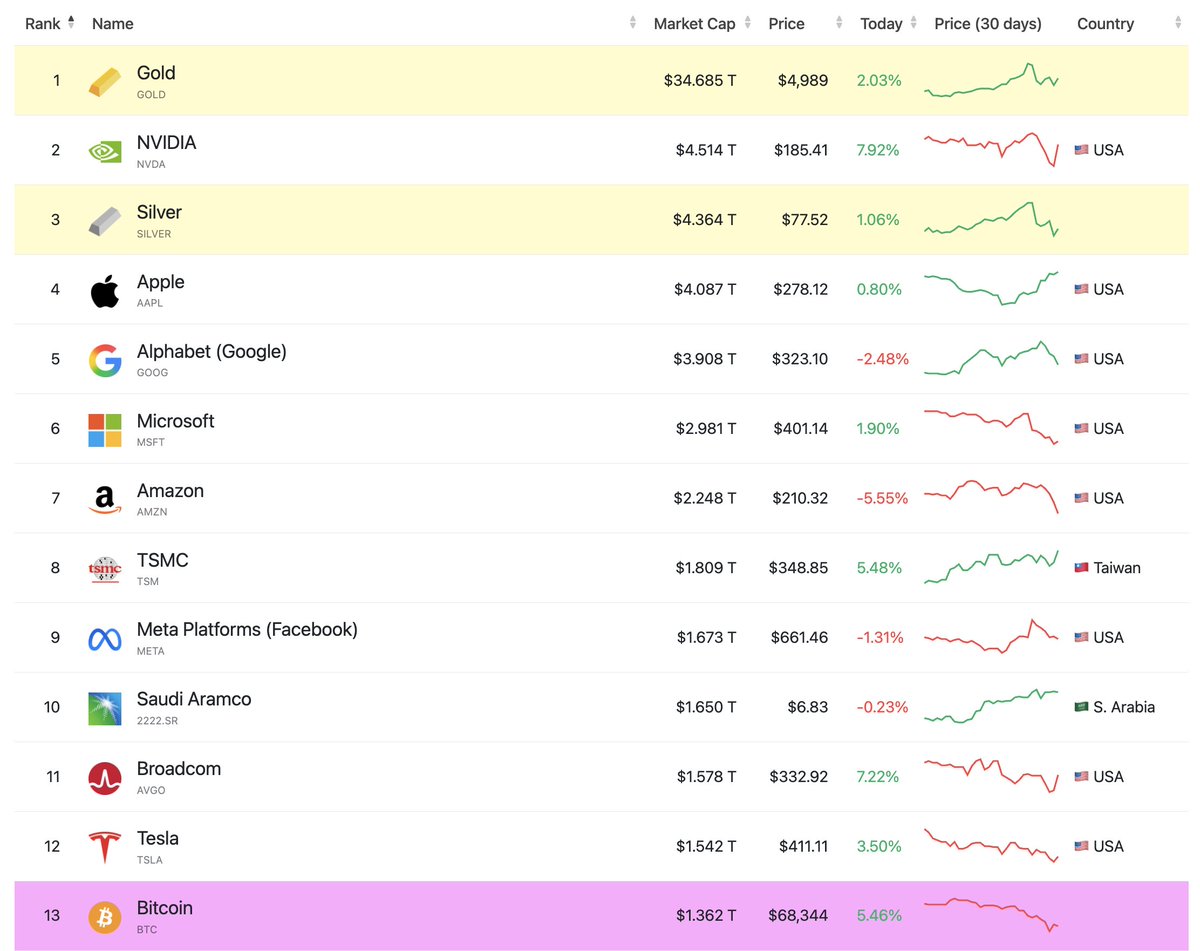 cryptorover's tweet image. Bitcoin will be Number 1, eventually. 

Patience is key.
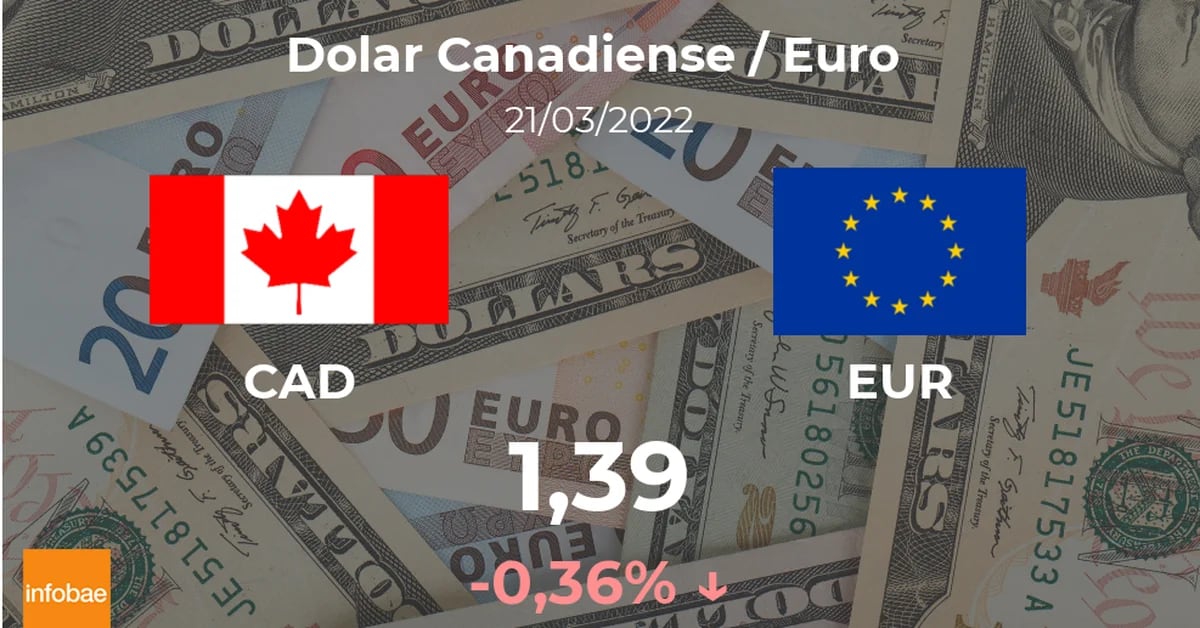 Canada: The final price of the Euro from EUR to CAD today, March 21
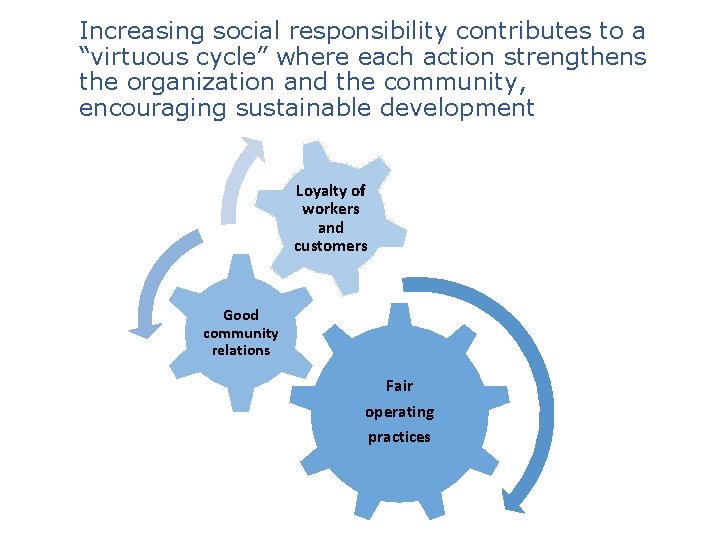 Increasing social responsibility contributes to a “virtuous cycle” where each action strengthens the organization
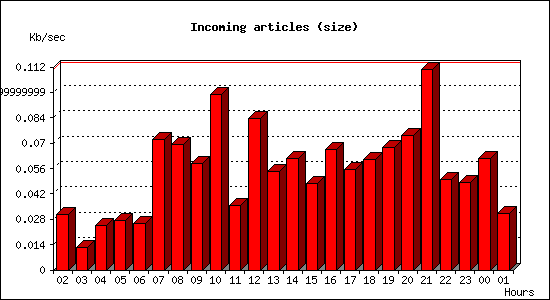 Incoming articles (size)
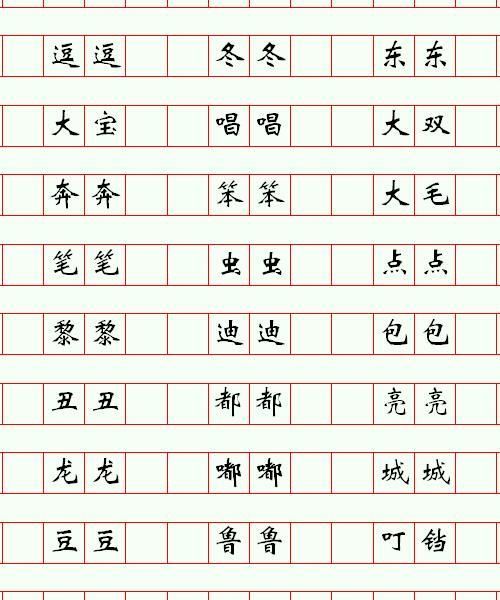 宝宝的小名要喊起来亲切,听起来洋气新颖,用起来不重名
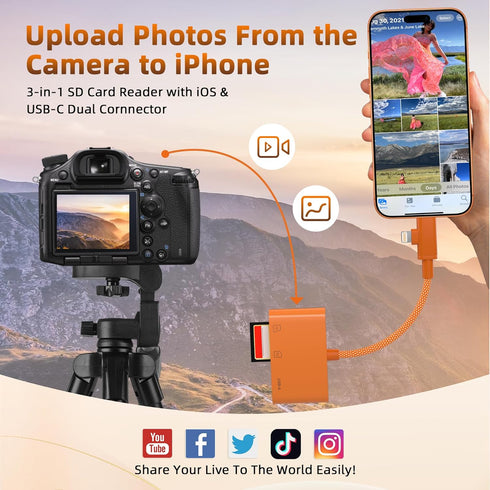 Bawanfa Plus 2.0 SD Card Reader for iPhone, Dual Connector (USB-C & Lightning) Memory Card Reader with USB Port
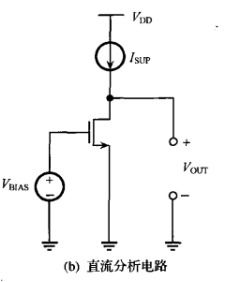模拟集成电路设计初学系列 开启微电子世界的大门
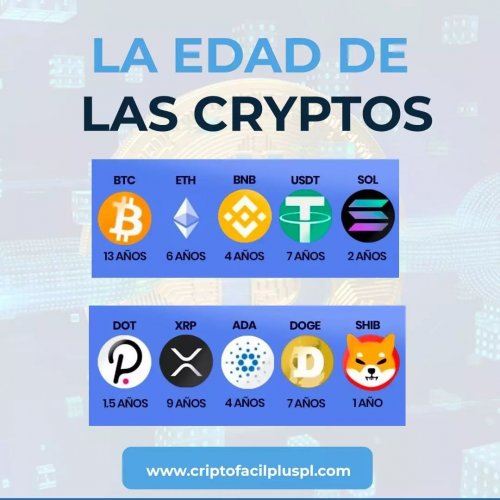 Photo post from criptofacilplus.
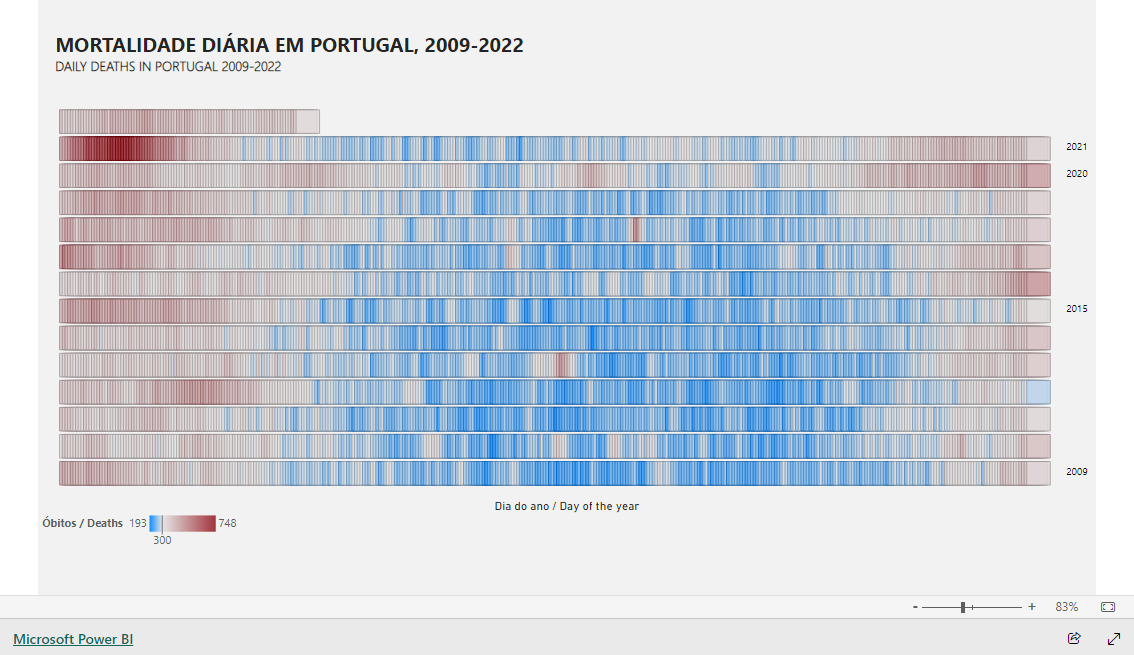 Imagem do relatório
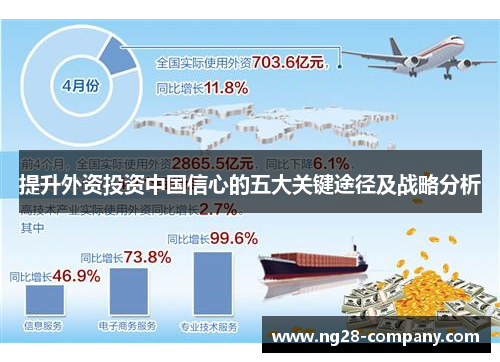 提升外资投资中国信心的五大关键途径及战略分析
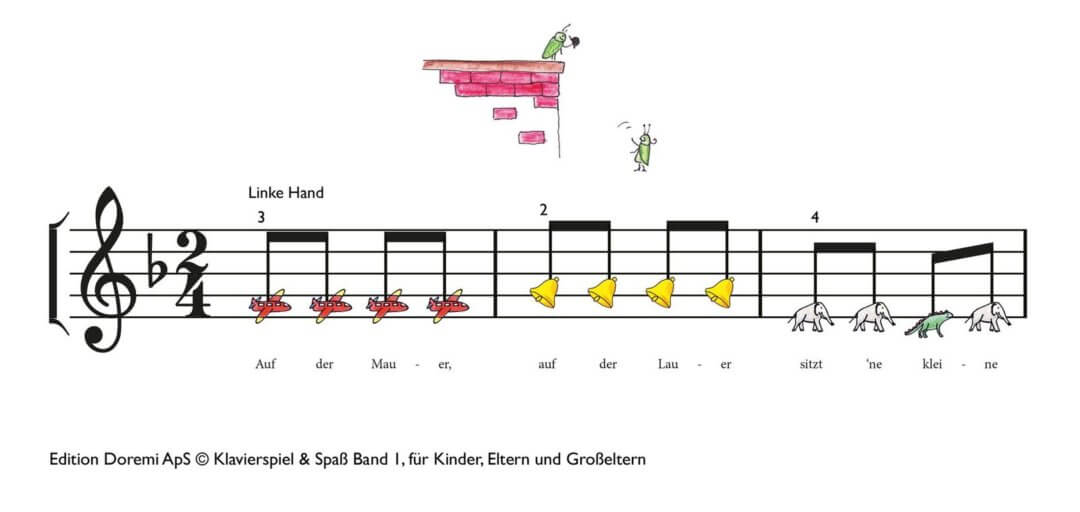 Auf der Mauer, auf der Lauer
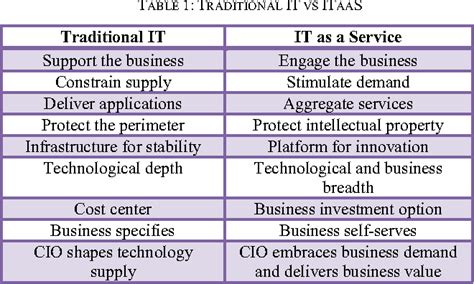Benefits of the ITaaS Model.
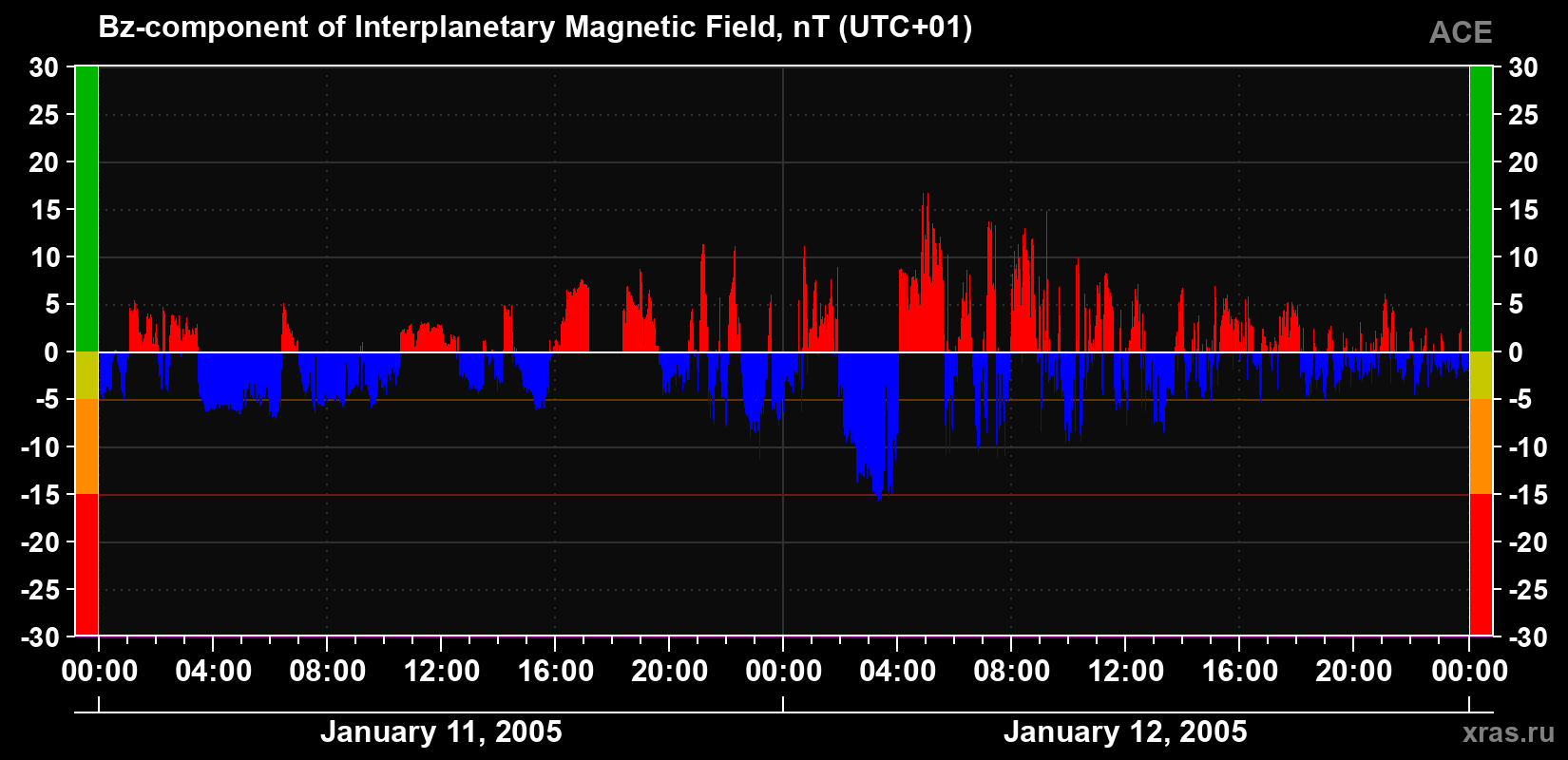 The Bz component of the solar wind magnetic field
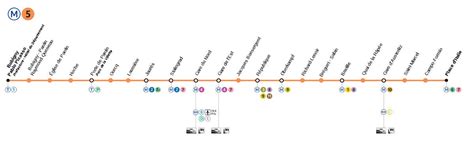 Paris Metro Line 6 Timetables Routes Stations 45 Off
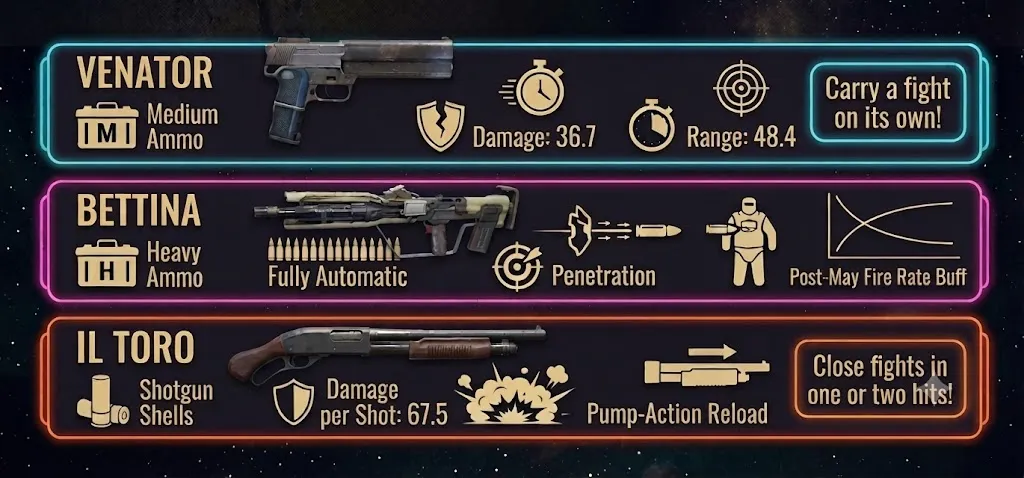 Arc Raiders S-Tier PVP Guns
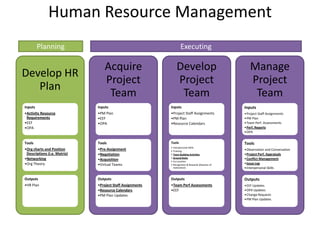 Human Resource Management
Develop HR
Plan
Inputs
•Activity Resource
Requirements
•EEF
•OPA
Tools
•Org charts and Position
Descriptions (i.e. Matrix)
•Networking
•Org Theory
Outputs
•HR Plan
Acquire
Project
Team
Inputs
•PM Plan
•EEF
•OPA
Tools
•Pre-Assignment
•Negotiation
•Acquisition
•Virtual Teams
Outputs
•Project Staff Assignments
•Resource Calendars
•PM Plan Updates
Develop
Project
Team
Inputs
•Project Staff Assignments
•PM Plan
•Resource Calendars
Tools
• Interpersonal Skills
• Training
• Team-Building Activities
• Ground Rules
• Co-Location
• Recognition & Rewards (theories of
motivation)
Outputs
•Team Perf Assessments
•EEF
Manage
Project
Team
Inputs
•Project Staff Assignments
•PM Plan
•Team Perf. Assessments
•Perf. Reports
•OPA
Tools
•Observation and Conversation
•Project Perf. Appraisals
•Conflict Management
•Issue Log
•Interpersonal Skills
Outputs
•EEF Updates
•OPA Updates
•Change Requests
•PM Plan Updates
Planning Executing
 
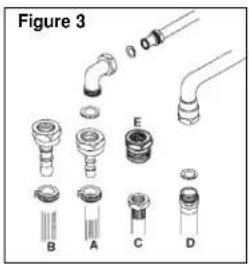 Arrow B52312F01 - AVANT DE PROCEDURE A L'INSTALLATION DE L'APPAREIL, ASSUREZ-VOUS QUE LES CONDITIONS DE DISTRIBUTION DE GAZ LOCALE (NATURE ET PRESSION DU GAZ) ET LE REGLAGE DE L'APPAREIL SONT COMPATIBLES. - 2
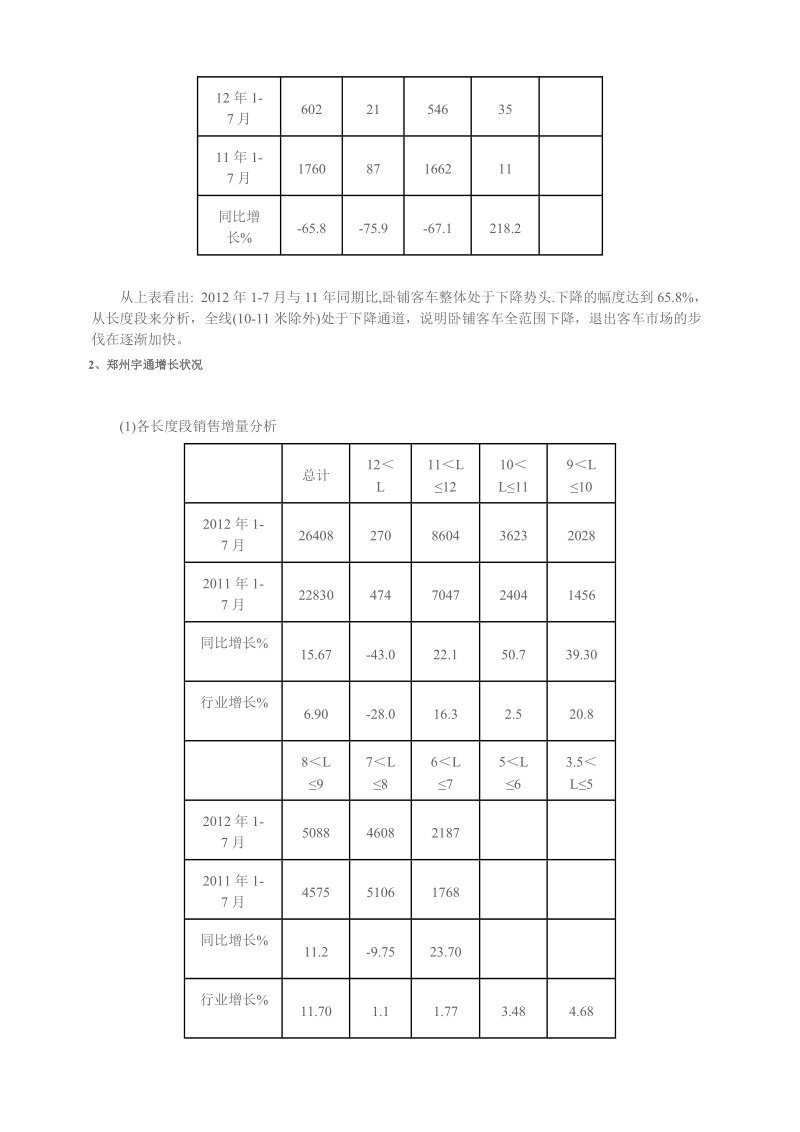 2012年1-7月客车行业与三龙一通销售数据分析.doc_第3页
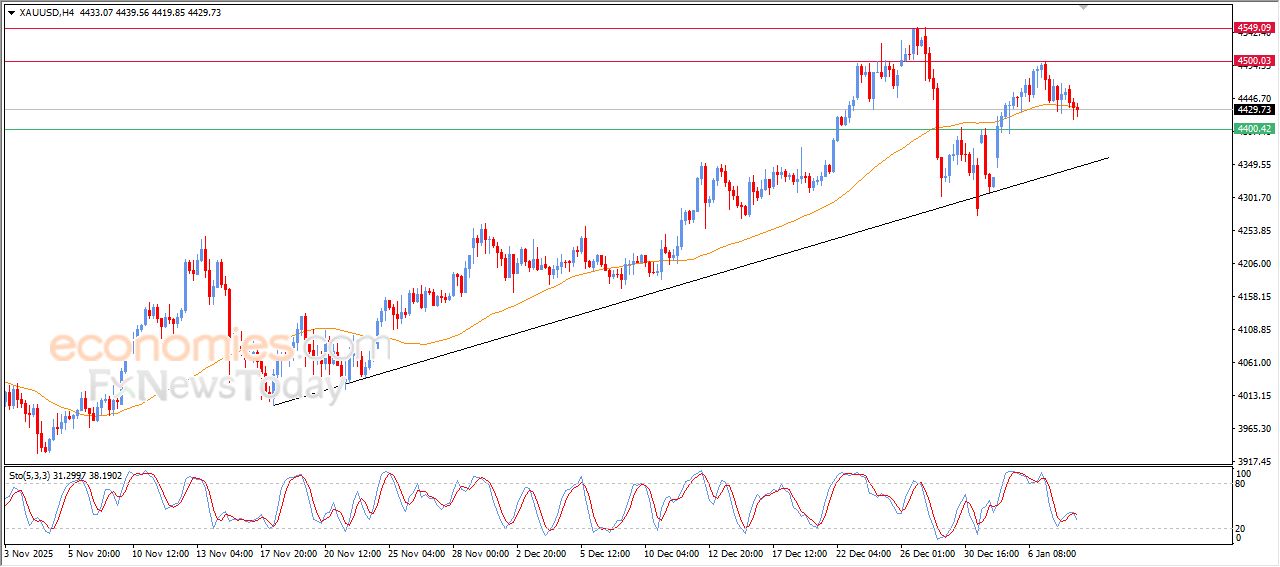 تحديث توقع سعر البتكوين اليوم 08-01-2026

* * * * *

# [The problem]
Give the entries again word for word, but skip the pictures.

# [Response to this exercise]
 cryptorover's tweet image. Bitcoin will be Number 1, eventually. 

Patience is key.
 Canada: The final price of the Euro from EUR to CAD today, March 21
 Increasing social responsibility contributes to a “virtuous cycle” where each action strengthens the organization
 Incoming articles (size)
 宝宝的小名要喊起来亲切,听起来洋气新颖,用起来不重名
 Bawanfa Plus 2.0 SD Card Reader for iPhone, Dual Connector (USB-C & Lightning) Memory Card Reader with USB Port
模拟集成电路设计初学系列 开启微电子世界的大门
 Photo post from criptofacilplus.
 Imagem do relatório
 提升外资投资中国信心的五大关键途径及战略分析
 Auf der Mauer, auf der Lauer
Benefits of the ITaaS Model.
 The Bz component of the solar wind magnetic field
 Paris Metro Line 6 Timetables Routes Stations 45 Off
 Arc Raiders S-Tier PVP Guns
 Human Resource Management
Develop HR
Plan
Inputs
•Activity Resource
Requirements
•EEF
•OPA
Tools
•Org charts and Position
Descriptions (i.e. Matrix)
•Networking
•Org Theory
Outputs
•HR Plan
Acquire
Project
Team
Inputs
•PM Plan
•EEF
•OPA
Tools
•Pre-Assignment
•Negotiation
•Acquisition
•Virtual Teams
Outputs
•Project Staff Assignments
•Resource Calendars
•PM Plan Updates
Develop
Project
Team
Inputs
•Project Staff Assignments
•PM Plan
•Resource Calendars
Tools
• Interpersonal Skills
• Training
• Team-Building Activities
• Ground Rules
• Co-Location
• Recognition & Rewards (theories of
motivation)
Outputs
•Team Perf Assessments
•EEF
Manage
Project
Team
Inputs
•Project Staff Assignments
•PM Plan
•Team Perf. Assessments
•Perf. Reports
•OPA
Tools
•Observation and Conversation
•Project Perf. Appraisals
•Conflict Management
•Issue Log
•Interpersonal Skills
Outputs
•EEF Updates
•OPA Updates
•Change Requests
•PM Plan Updates
Planning Executing
 
 Arrow B52312F01 - AVANT DE PROCEDURE A L'INSTALLATION DE L'APPAREIL, ASSUREZ-VOUS QUE LES CONDITIONS DE DISTRIBUTION DE GAZ LOCALE (NATURE ET PRESSION DU GAZ) ET LE REGLAGE DE L'APPAREIL SONT COMPATIBLES. - 2
 2012年1-7月客车行业与三龙一通销售数据分析.doc_第3页
 تحديث توقع سعر البتكوين اليوم 08-01-2026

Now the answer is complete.